Thomas Roser Wins 2005 Particle Accelerator Science and Technology Award

April 25, 2005

Thomas Roser, Associate Chair for Accelerators and Accelerator Division Head at the U.S. Department of Energy’s Brookhaven National Laboratory, has been selected as one of two recipients of the 2005 Particle Accelerator Science and Technology Award from the Nuclear and Plasma Science Society of the Institute of Electrical and Electronics Engineers, Inc. The award, which consists of a plaque and $2,000 for each recipient, will be given to Roser and to Ronald Davidson of Princeton University, on May 18, at the biennial particle accelerator conference to be held in Knoxville, Tennessee.

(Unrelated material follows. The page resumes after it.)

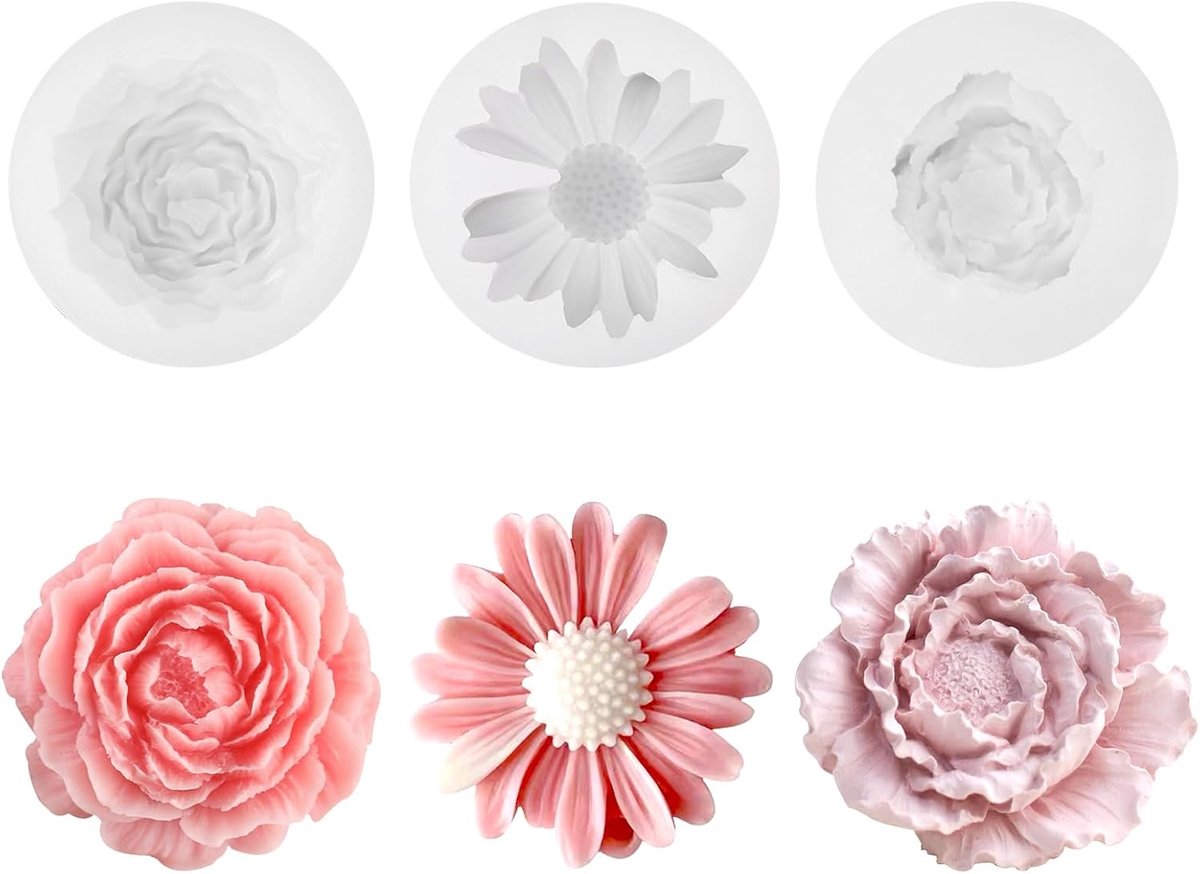 3 Stuks 3D Siliconenvorm Bloemen, Bloemen Siliconenvorm, Madeliefjes, Pioenrozen, Camellia's Bloemenvorm om te Gieten voor Doe Het Zelf Kaarsen en Zeep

Roser’s citation reads: “For pioneering scientific work and introduction of new technology in the acceleration, storage and collision of polarized protons in the high energy collider RHIC [Relativistic Heavy Ion Collier].”

In experiments at RHIC, polarized protons -- elementary particles that have a spinning motion, analogous to a spinning top -- collide with each other moving at nearly the speed of light. Physicists probe the resulting jets of particles in an attempt to understand how the spin of protons is related to the spin of their component parts, quarks and gluons.

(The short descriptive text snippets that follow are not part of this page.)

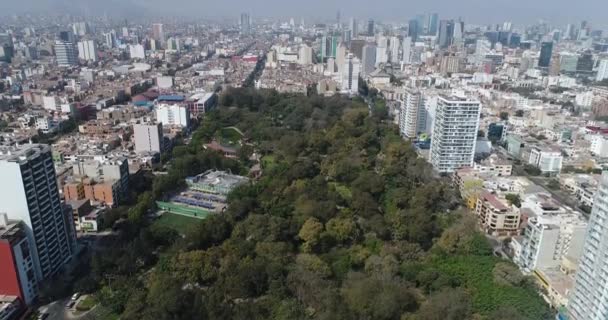 Letecké Záběry Parku Limě Peru Přírodní Místo Středu Města Okrese — Stock video
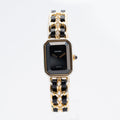 CHANEL Première Quartz Ladies Watch Gold × Black Leather Bracelet 04E039570007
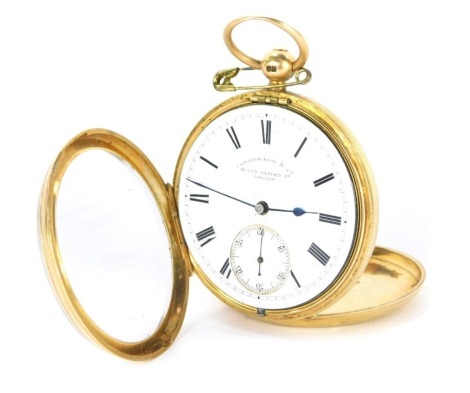 An 18ct gold Camerer Kuss & Co hunter pocket watch, with white enamel Roman numeric dial and seconds counter, with blue handles, marked 56 New Oxford Street, London, 94.6g all in.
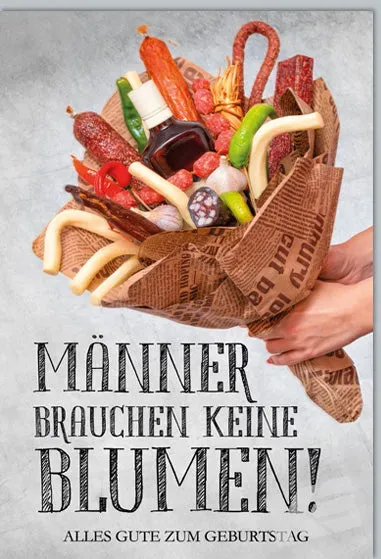 Kurt Eulzer 51-1915 verjaardagskaart worst bier grappig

Normally, the spin direction of protons is random, but the spin has to be polarized, or spinning in the same direction, to study the particles. Roser made significant contributions to the design and construction of a string of magnets called Siberian snakes for RHIC and the Alternating Gradient Synchrotron (AGS), the accelerator that feeds polarized protons into RHIC. Originally invented in Novosibirsk, Russia, in the 1970s, the magnets act to keep protons polarized.

“The partial snakes that I developed for the AGS worked to stabilize polarization during acceleration to over 50 percent. A new, stronger partial snake should give over 70 percent polarization,” Roser said. “I am honored that the Nuclear and Plasma Science Society has recognized my work in this area. Actually, the design and construction of hardware and beam needed for proton polarization in RHIC and the AGS includes the contributions of many colleagues at Brookhaven.”

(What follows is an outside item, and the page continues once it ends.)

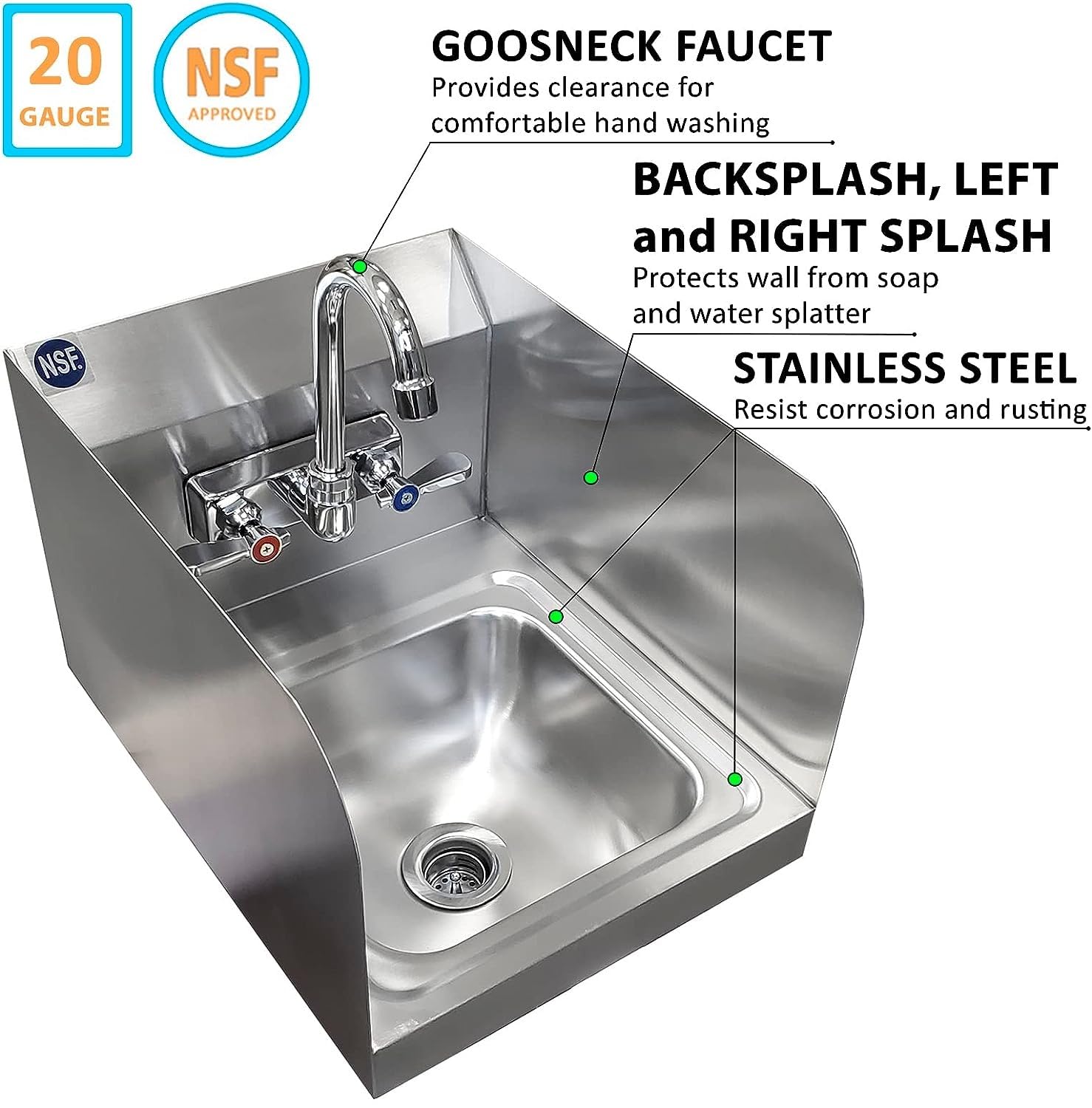 Express Kitchquip Stainless Steel Wall Mount Hand Basin With Gooseneck Faucet And Side Splash Guard. (16" X 12" Side Splash) Deep X Long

Thomas Roser received a Ph.D. in physics from the Swiss Federal Institute of Technology in Zurich, Switzerland, in 1984. He joined the University of Michigan in 1984 as a research fellow and was appointed assistant professor of physics at the university in 1990. In 1991, he joined Brookhaven Lab as an associate physicist, and, in 1999, he was promoted to senior physicist and Accelerator Division Head of the Collier-Accelerator Department. In addition to holding that position, in 2002, he also was appointed Associate Chair for Accelerators. A Fellow of the American Physical Society, Roser received the Brookhaven Science and Technology Award in 2000.